Pictures aside, the output must consist of the lines from the one containing "LED無邊框字發(fā)光標" through the end of the data, reproduced exactly.

=-=-=

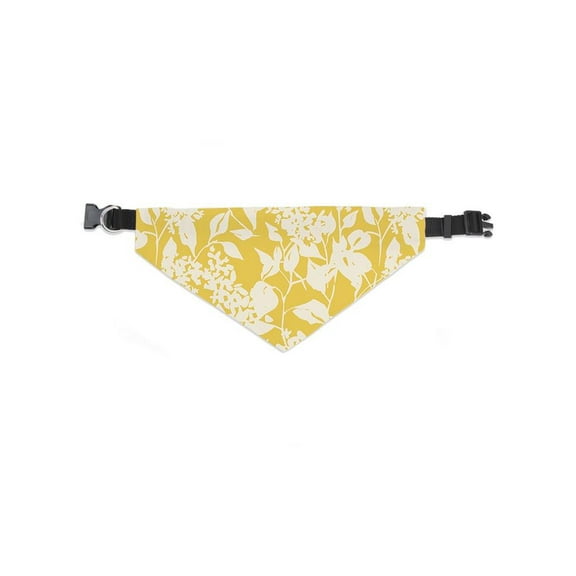 Plain Floral Wallpaper Pattern Bandana -Image by Shutterstock, Medium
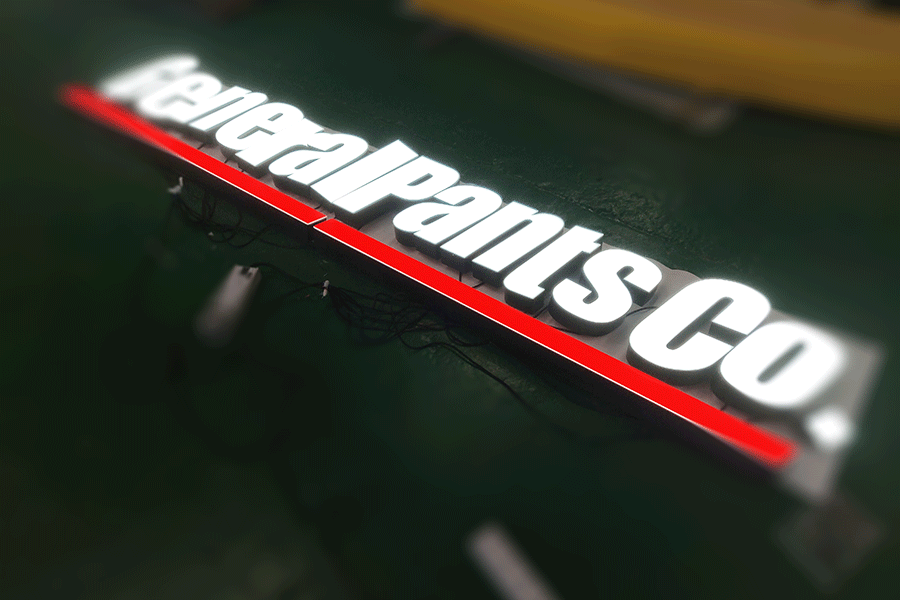 LED無邊框字發(fā)光標(biāo)識(shí)標(biāo)牌制作有什么特色？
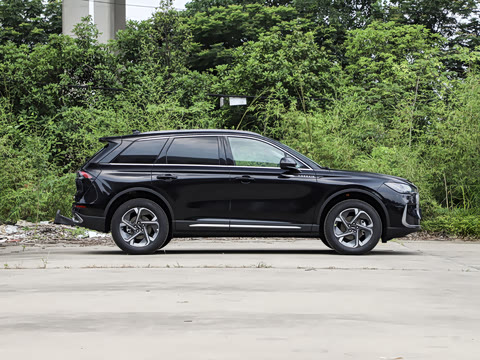 2026�� 2.0T ����������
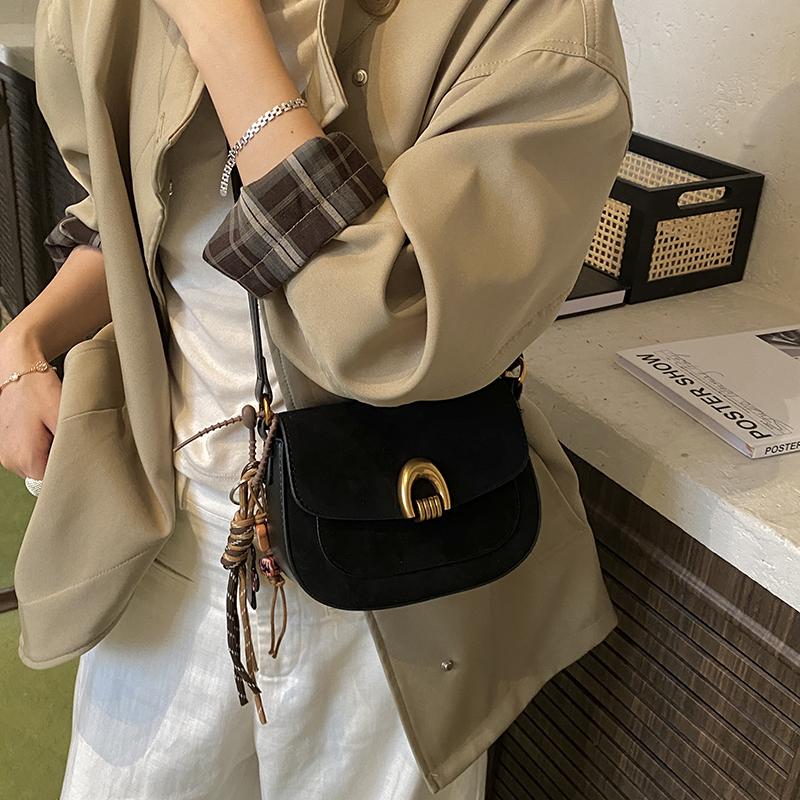 Retro Woman Small Leather Saddle Armpit Bags For Women Winter Shoulder Crossbody Bag Ladies Vintage  Handbags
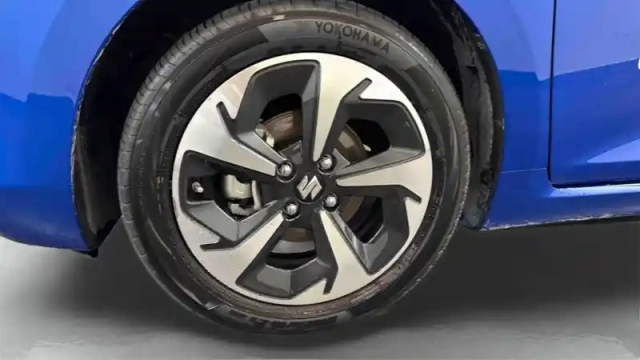 Suzuki Swift 1.2 dualjet hybrid — photo 10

=-=-=

→ RESULT BELOW:
 LED無邊框字發(fā)光標(biāo)識(shí)標(biāo)牌制作有什么特色？
 2026�� 2.0T ����������
 Retro Woman Small Leather Saddle Armpit Bags For Women Winter Shoulder Crossbody Bag Ladies Vintage  Handbags
 Suzuki Swift 1.2 dualjet hybrid — photo 10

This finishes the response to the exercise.